I seem to remember Yahoo finance (I think it was them, maybe someone else) introducing benign errors into their market data feeds, to prevent scraping.
This lead to people doing 3 requests instead of just 1, to correct the errors, which was very expensive for them, so they turned it off.
I don't think watermarking is a winning game for the watermarker, with enough copies any errors can be cancelled.
Oof, that's a great point. We briefly touched on this a few weeks ago, but from the angle of canary tokens / tracking pixels [1].
Security-wise, our main concern is protecting people who read suspicious documents, such as journalists and activists, but we do have sources/leakers in our threat model as well. Our docs are lacking in this regard, but we will update them with information targeted specifically to non-technical sources/leakers about the following threats:
- Digital watermarking (what you're pointing out here)

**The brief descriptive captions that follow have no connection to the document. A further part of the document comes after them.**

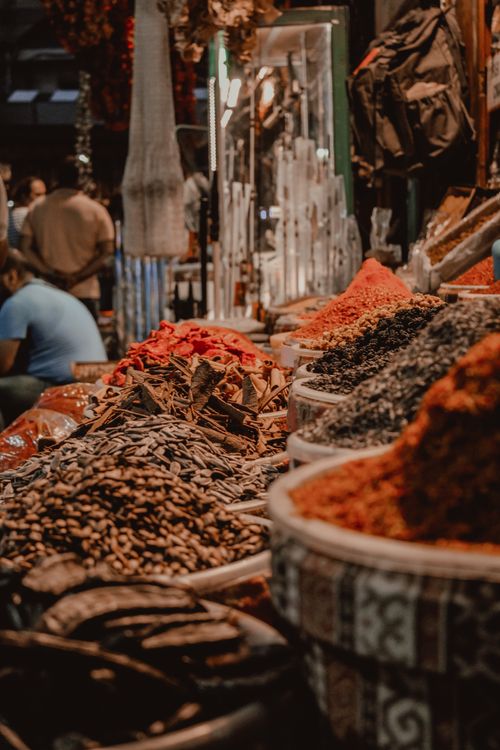 Free Explore the diversity of spices at this bustling market with a variety of aromatic condiments on display. Stock Photo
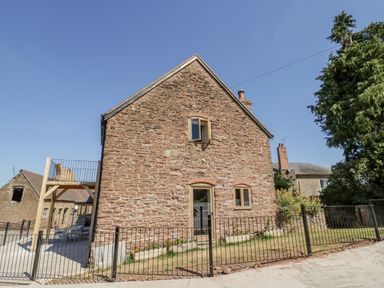 A stone house with small windows and a gated yard at Munderfield Mill in Munderfield near Bishops Frome
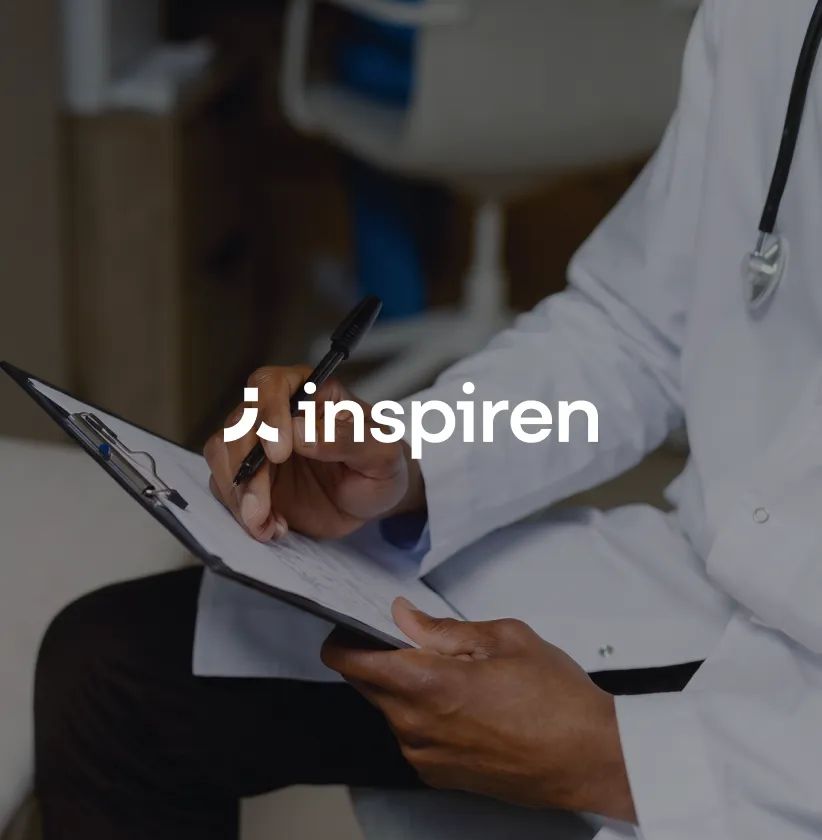 Inspiren logo over a doctor writing notes on a clipboard.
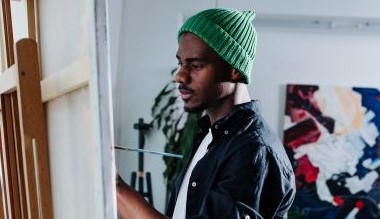 a young person in a green beanie painting at an easel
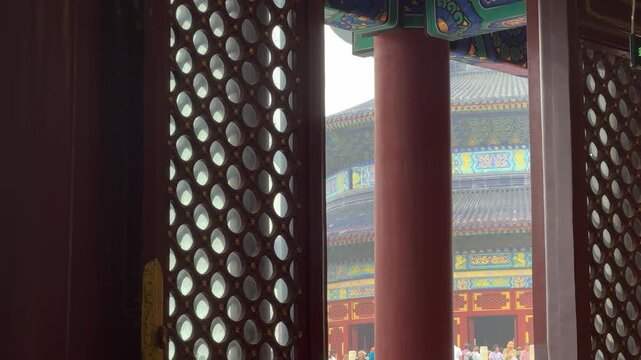 View of the Temple of Heaven through a traditional Chinese latticed window. Historic wooden building architecture with red pillar and intricate detail. Travel destination in Beijing.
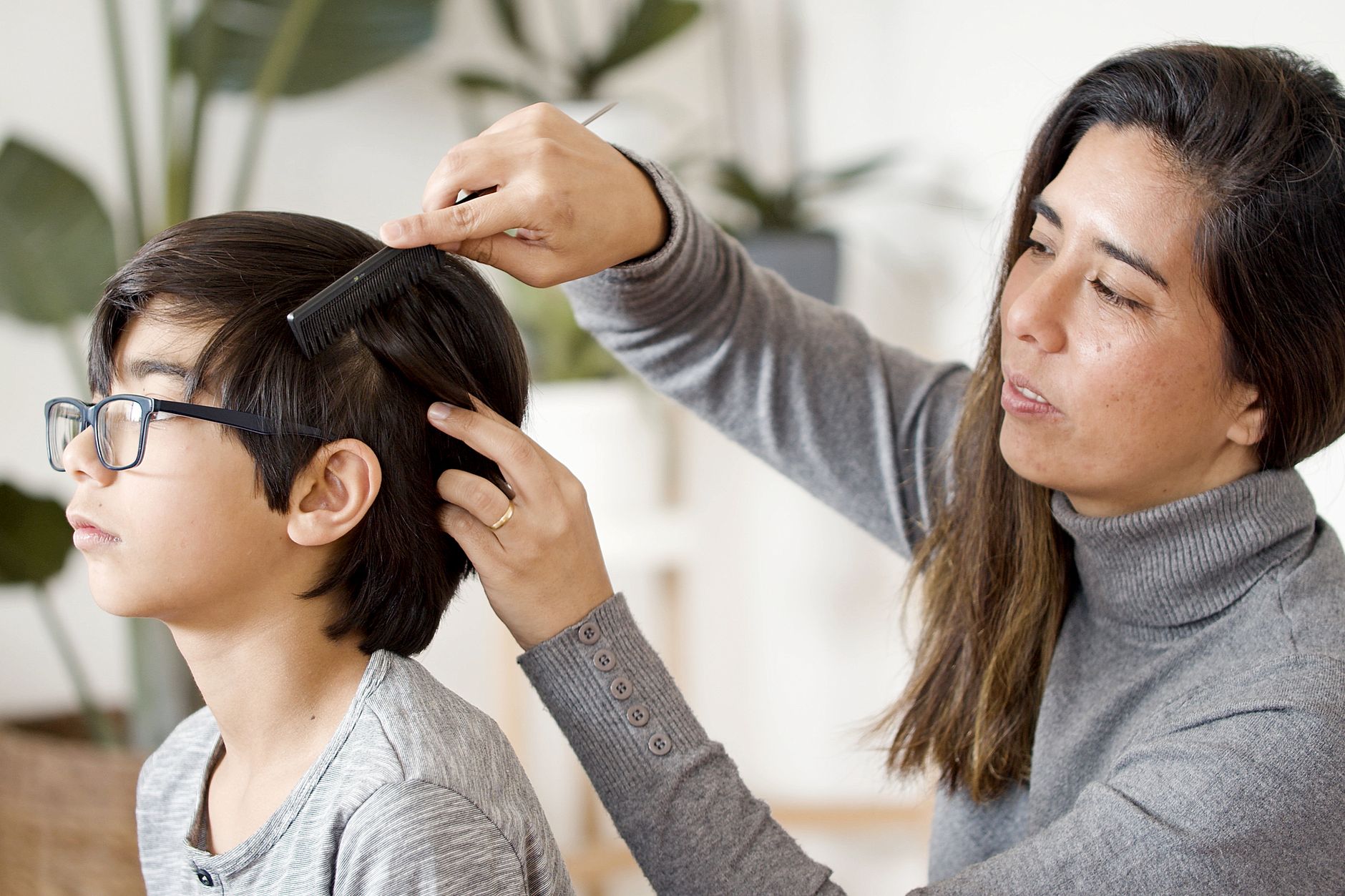 Mère examinant les cheveux de son fils avec un peigne fin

- Fingerprinting (camera, audio, stylometry)
- Canary tokens (not metadata per se, but still a de-anonymization vector)
If you come in FOSDEM next week, we plan to talk about this subject there [2].
The goal here isn't to provide a false sense of security, nor frighten people. It's plain old harm reduction. We know (and encourage) sources to share documents that can help get a story out, but we also want to educate them about the circumstances in which they may contain their PII, so that they can make an informed choice.
Why not leak a dataset of N full text paraphrasings of the material, together with a zero-knowledge proof of how to take one of the paraphrasings and specifically "adjust" it to the real document (revealed in private to trusted asking parties)? Then the leaker can prove they released "at least the one true leak" without incriminating themselves. There is a cryptographic solution to this issue.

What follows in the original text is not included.